Who Are You and Where Are You? Getting Down the Day-to-Day One of the biggest adjustments when first beginning a long-distance rapport is that you’re no longer as familiar with what your partner is experiencing on a daily basis—arguments with roommates or problems at work, for example, or issues that you would be more attuned to if you lived together.
Suggestion: Get down to the nitty-gritty. Painful as it may be at times to dredge up the details, try to keep each other included in small happenings as well as big ones. While it’s easier to relay big events that come our way—such as promotions, moves, the first day of school—our lives are inevitably composed of all the smaller, minute-to-minute events that befall us. Try to fill each other in as best as you can about the little stuff over email or the phone. It makes you feel like you’re still involved in each other’s lives and are connected, despite the mileage between you.
Wait a Minute, Mr. Postman: Reviving the Lost Art of Writing Letters Before my grandparents were married, they were separated for a year during World War II. My grandmother worked at Pan American Airways in New York City, and my grandfather was stationed in Africa. I never got the chance to meet my grandfather and see firsthand his relationship with my grandmother, but what I do know about them comes from that one year’s worth of letters—stacks of them—that they wrote to one another. Some were grand proclamations of love, others simple hellos, but I can only imagine what it must have meant to find them in the mail week to week, month to month, without being able to see each other.

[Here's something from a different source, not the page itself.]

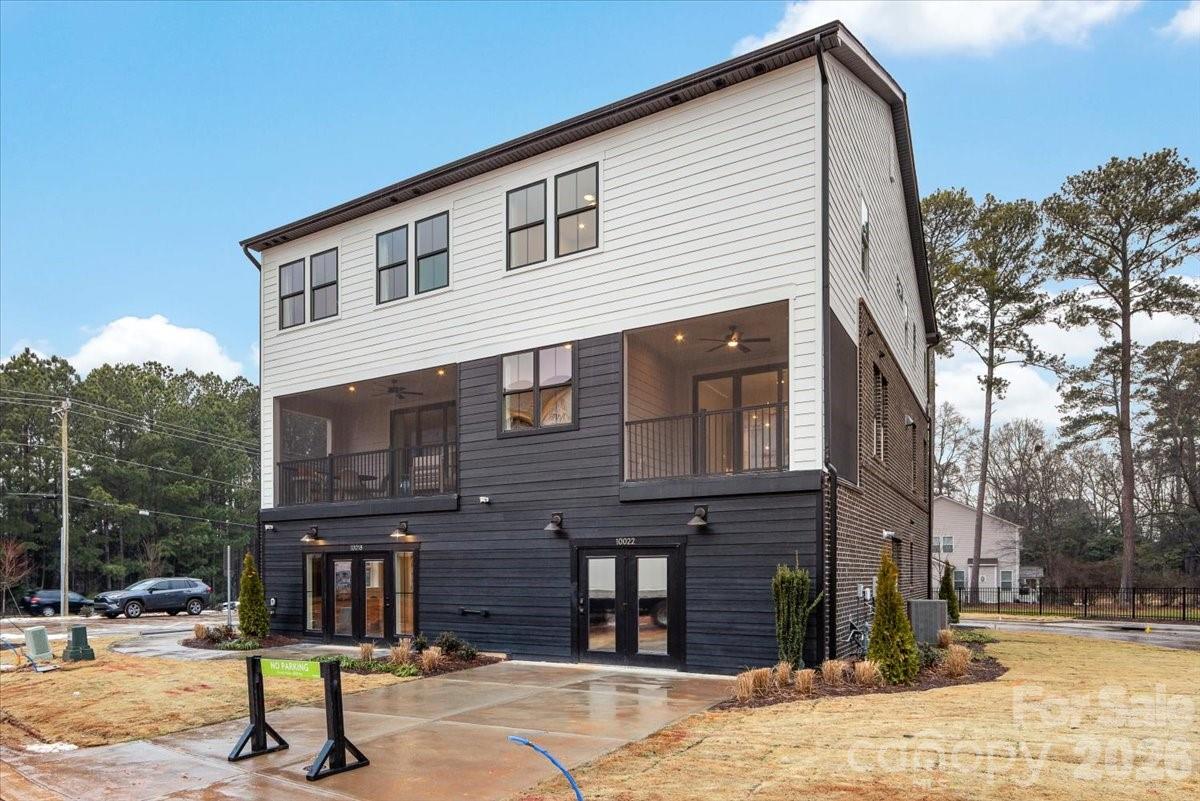 14014 Meera Lane — Charlotte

Suggestion: Try scribing some of those feelings once in a while. Granted, today’s advances in technology—video chats, picture texts, and even the simple ability to make a long-distance phone call—can make the miles between couples feel less extreme than they once did. But I still can’t shake the romanticism of those letters. Even if you don’t have the courage (or gag reflex) for grand proclamations of adoration and heartsickness, it’s always nice to receive a letter in the mail, old-school style. Try writing your beau or sending a simple “I miss you” card. Mail that isn’t from a major credit-card company always makes a person feel loved.
Seeing How the Other Half Lives On a good day, a ticket from New York to San Francisco is around $350, before taxes. So far be it from me—a student buried neck-high in loan debt—to suggest rotating weekends in which one of you whisks off to the other’s state or country of residence. However, it is important at one point, if you can manage it financially, to see where your partner is and get a feel for his or her day-to-day life.

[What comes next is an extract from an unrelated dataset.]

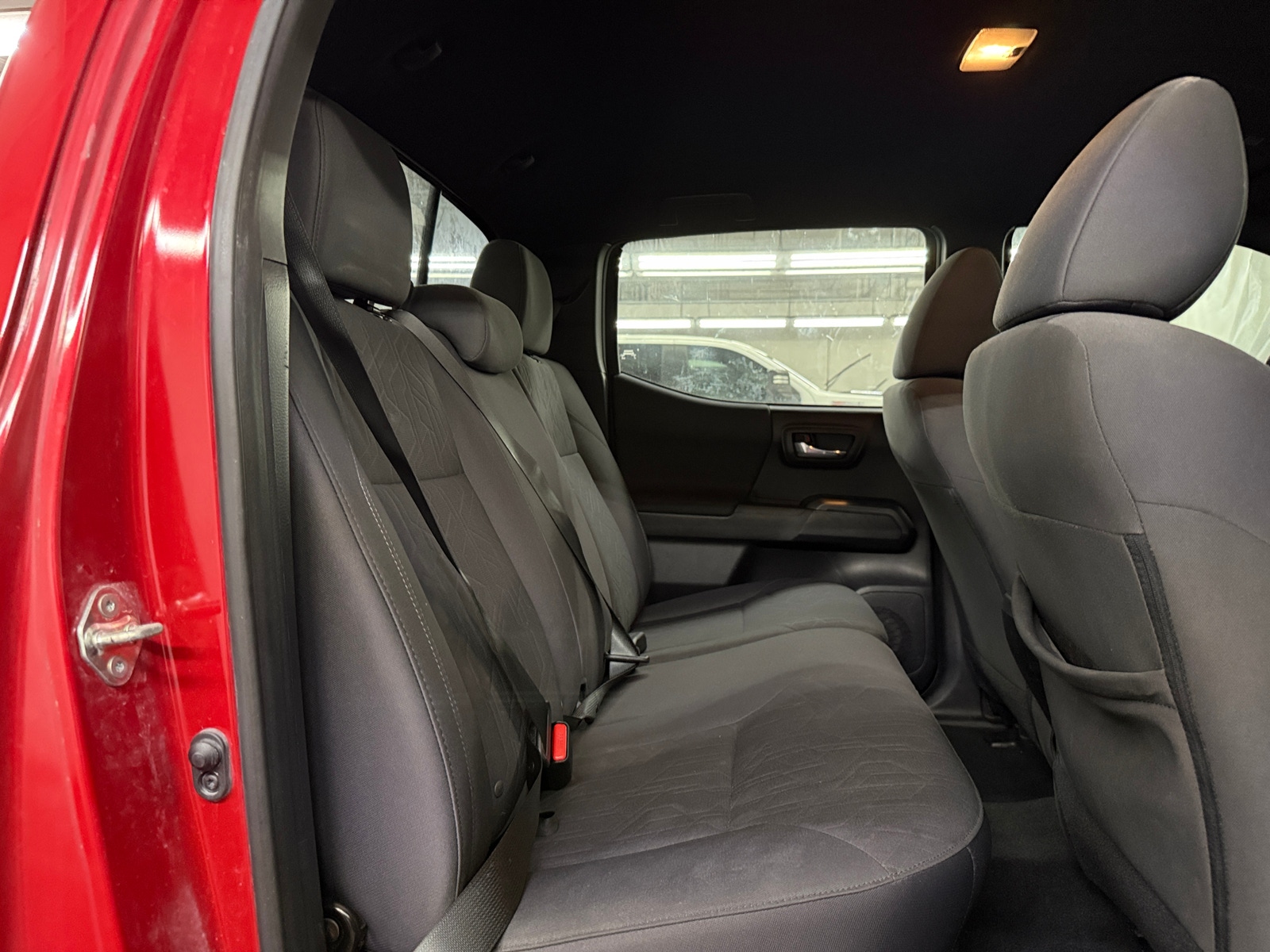 Thumbnail: 2019 Toyota Tacoma - 6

Suggestion: Plan at least one trip to the other side. Knowing simple things, like where your girlfriend gets her coffee on the way to work in the morning, or even just what the new room your boyfriend sleeps in looks like, really helps. In a strange way, it gives back something you miss while apart and fills in all the details that suddenly feel painfully important when separated. Although visits can’t always be arranged on a regular basis, it is comforting to at least be able to picture the environment where your other half is living her life while you’re living yours.
One Step (Away) Too Many: What to Do When It’s Not Working Attention all hopeless romantics: this is where you have the choice to cover your eyes or keep reading. For you truth-seekers out there, here it is: long-distance relationships are not for the weak of heart, mind, or body. This is not to say that anyone who cannot maintain them is feeble; it is only to stress that they’re difficult and rare for a reason. If you truly feel like it’s not working for you, it probably isn’t. And then you’ll know what you need to do.

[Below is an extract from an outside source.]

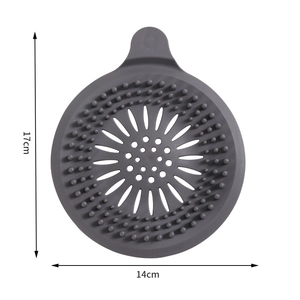 Dettaglio del filtro per lavandino in silicone grigio, dimensioni 17x14 cm con linguetta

Suggestion: Use some of that alone time to evaluate your happiness factor. In all honesty, there will always be days when a phone call or a few minutes on Skype won’t feel like enough in the relationship department. And there will most likely be days when you’ll have to pinch out the details of your day with tiny tweezers, and your sharing will be mingled with frustration that the other person wasn’t there to see it for himself. But, at the end of the day, you’ll do it anyway, because you genuinely want him to know. This is the test, I think: when, somewhere deep down, it still feels satisfying enough to know that wherever he is, he’s still with you, that he still answers as one half of your couple, and that things feel like they haven’t really happened until you’ve told him about them.
One last thing: if the distance is making you miserable, listen to that. Missing people is tough, but utter despair is another thing. A friend of mine who ended a long-distance relationship after three years said she knew it was over when she felt like she was the only one doing the work anymore. Another fellow classmate said the physical need was too great for him to be sustained. Everybody’s needs, expectations, and standards are different, and it’s up to you and your partner to decide what those are. If they’re not being met, it’s the same as in any relationship, and the decision about what you can tolerate is yours.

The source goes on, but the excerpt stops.